Em cidades em Roraima e no Acre, moradores finalmente podem usar cartões de débito ou crédito — e até mesmo fazer pagamentos via Pix —, graças à estabilidade e velocidade da conexão à internet via Starlink.
“Eu passei dez dias com o pessoal yawanawá lá no Acre e foi uma experiência muito interessante. A internet (Starlink) é uma coisa nova no território deles (…) e facilitou muito essa comunicação entre as aldeias”, afirma David Nemer.
“Eles fazem trocas e estão o tempo todo lidando com o ‘homem branco’ nas cidades. Eles têm conta bancária, e é mais fácil realizar transações bancárias. A internet facilita muito a venda de artesanatos. (…) É algo que eles ainda estão explorando e investigando, então é um pouquinho cedo pra ver o que, de fato, a longo prazo, isso pode trazer para o território.”
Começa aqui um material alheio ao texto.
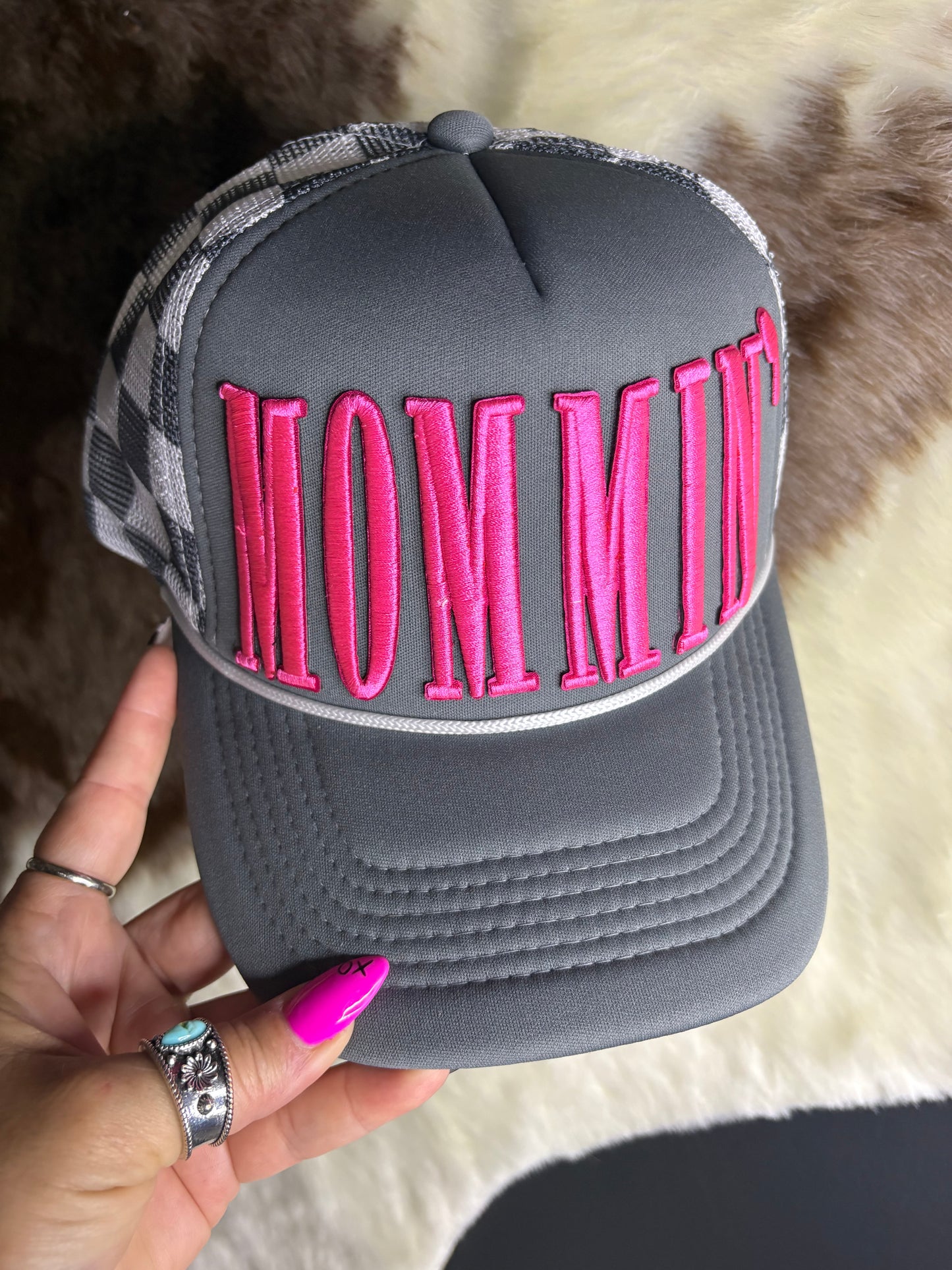 Mommin' Checkered Hat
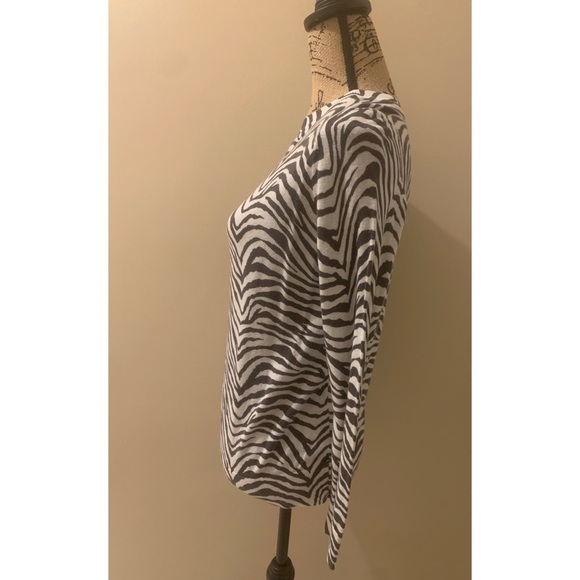 Banana Republic Factory Print Sweater Size Medium - Picture 3 of 6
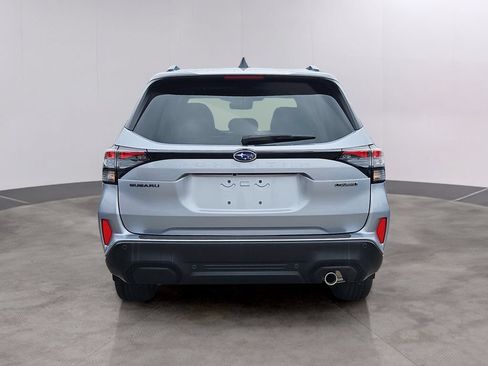Used 2025 Subaru Forester Touring AWD/4WD image 5
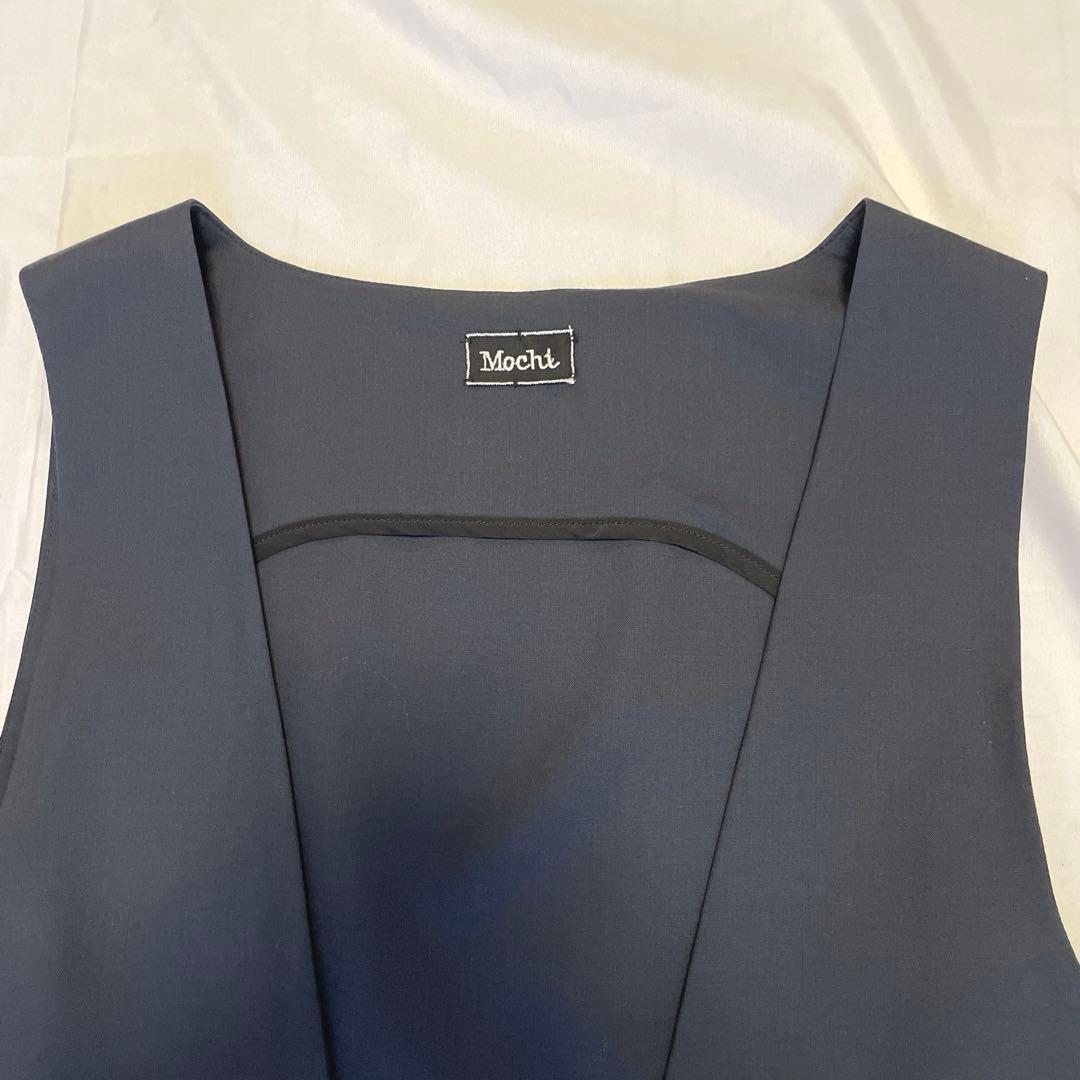 Mochi ディープブルー　ジャンパータックスカート　S モチ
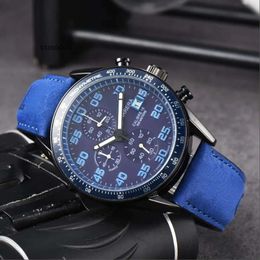 Principais relógios de pulseira de luxo homens homens assiste o movimento de quartzo wristkates clássicos Carrera calibre 16 pulseira de pulseira relógio Montre de luxo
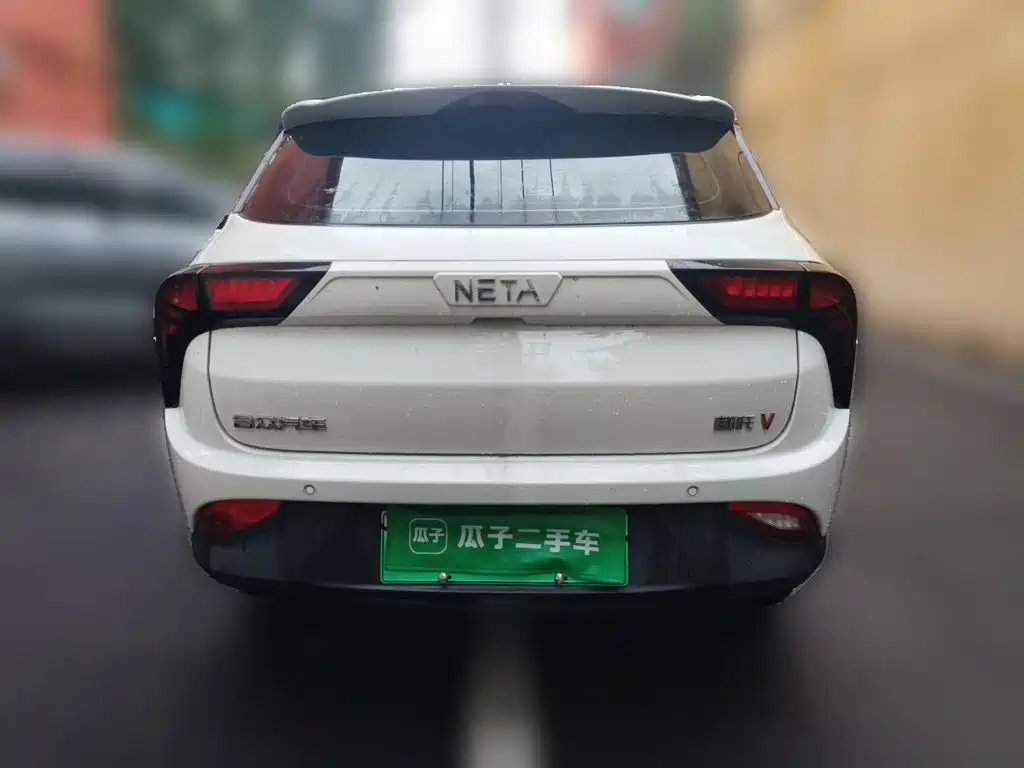 Neta V 2021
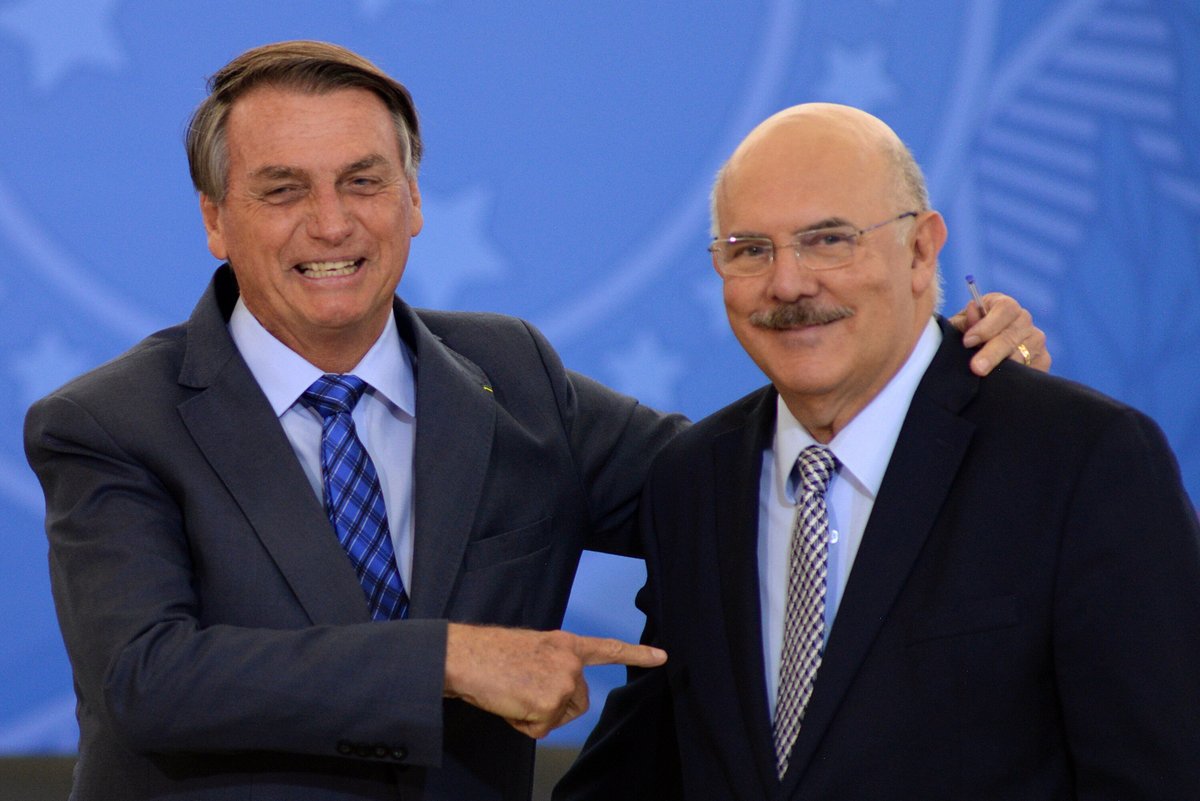 g1's tweet photo. Blog do @ValdoCruz: Bolsonaro é convencido por aliados a tirar Milton Ribeiro do Ministério da Educação ==> https://t.co/dBLddFHeBi #g1 https://t.co/b8GA0SZNY9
Controvérsia sobre escolas
Elon Musk usou sua conta pessoal no Twitter para anunciar “o lançamento da Starlink para 19 mil escolas desconectadas” na Amazônia em maio de 2022, meses antes do início das atividades da empresa na região Norte do país.
Mais de um ano depois, a BBC News Brasil consultou o ministério da Educação, e secretarias de educação de todos os Estados que formam a Amazônia legal sobre o andamento do programa.
“Verificamos junto à área de Tecnologia e Inovação da Educação Básica que não existe parceria formal, no âmbito do Ministério da Educação (MEC), com a Starlink”, informou o órgão federal.
A secretaria de Educação e Desporto de Roraima informou que “até a presente data, nenhuma escola da rede estadual de ensino possui internet via Starlink”.
O governo do Pará disse que “o referido anúncio de parceria entre o governo passado e a Starlink não beneficiou as escolas paraenses” e que está preparando uma licitação própria para expandir a digitalização escolar.
O governo do Tocantins afirmou que “escolas públicas do Estado não receberam nenhum sinal de internet via Starlink.”
A secretaria do Maranhão informou “que não tem parceria com a empresa”.
Os governos de Amazonas, Amapá, Rondônia, Mato Grosso e Acre não responderam à reportagem.
*Esta reportagem foi publicada originalmente em outubro de 2023 e atualizada em 8 de abril de 2024.